In the 11 months since their removal, LAMC has met twelve times — more than it did in the three years prior.
“It was an update committee: here are the things that are being done, approve, we move on,” Furstenau said of the first three LAMC meetings she attended.
The shakeup began when Darryl Plecas became LAMC’s first independent chair, following his selection as Speaker. Plecas’ independence plus a third political party at the table shifted LAMC meetings towards proactive policy production, according to Furstenau.
“I think [Plecas] needs to be commended for choosing … to bring to light some very worrying things that were happening in this place,” she told BC Today. Subsequent reports, notably those produced by former Canadian chief justice Beverley McLachlin and Auditor General Carol Bellringer, outlined a policy vacuum that LAMC is now working to fix.
“So much of what happened was either because there was no policy, or because the policies were ignored, and there was no oversight,” Furstenau said. “Fundamentally, there was a failure of oversight in this place.”
So far this year, LAMC has put forward six new policies — covering employee travel, gifts and honoraria and liquor control, among other issues — and revised four more, including a policy that outlines the procedures and expectations for creating and updating legislature policies.
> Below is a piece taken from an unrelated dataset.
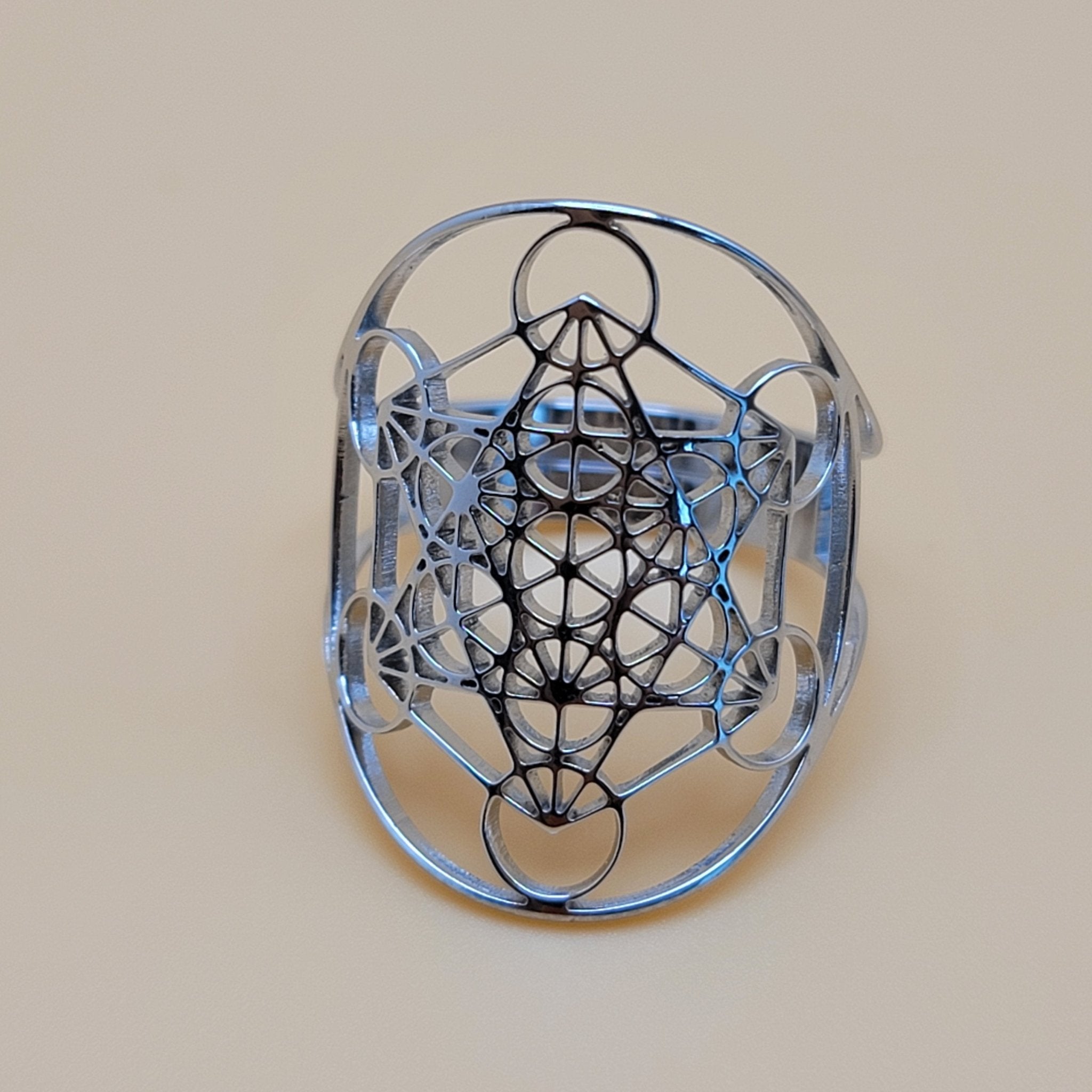 Metatron's Cube Ring - Spiral Circle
Furstenau admits policy work is hardly “glamorous … or dramatic” — particularly when stacked against an ongoing criminal investigation, partisan backbiting and juicy innuendo. She expressed empathy for those who are frustrated at an apparent lack of action for those found to have run afoul of legislature policies — and potentially the law — but warned that satisfaction will not come from LAMC.
“It’s not the committee’s job … to be doing a criminal investigation,” she said. “The police are doing the criminal investigation and it’s been — as far as I understand — quite an active one.”
“It is the committee’s job to look at what’s happened and to identify where the failures happened that allowed for these behaviors and for … all of these failures, really, and to say, ‘Okay, how do we make sure that never happens again?’”
Changing the culture
Another policy that LAMC is developing — and in which Furstenau places a lot of hope — is the respectful workplace policy.
“When you look at so much of what the Speaker has identified in his expansive work on this — much of what he said is that employees didn’t feel safe to come forward,” she told BC Today. “There wasn’t a culture that said, ‘If you see something wrong happening, here’s the pathway to report it.’ That didn’t exist.”
“This policy says we’re moving into a new era — not only are we going to identify what is and is not acceptable behaviour, we are going to educate everybody who’s in this building and … are also going to have a process by which people who are subject to anything that fits … outside of this expected behaviour can have a path to a remedy for it,” she added.
Furstenau hopes the suite of policy introductions and tweaks leads to “structural change” at the legislature.
“I’m excited,” she told BC Today. “And I’m really, actually incredibly grateful to be part of what I think is a deep reformation of this institution.”
More to come
Since it broke late last year, the legislature spending scandal has delivered revelation after revelation, and Furstenau suspects there is still more to come.
“We’re not done uncovering things that need to be fixed,” she said. “There are going to be more things uncovered in the next stage of this, and they’re going to be uncovered in a very systematic way. But at the same time, we’ve now put structures in place that can address things that come up.”
Plecas has said his findings will land those involved in jail. Furstenau refuses to speculate.
“Where is this spending scandal going? I don’t know,” she told BC Today. “That’s really in the hands of the police and the prosecutors.”
“Where’s the work going in here? It’s going in a really positive and productive direction,” she said.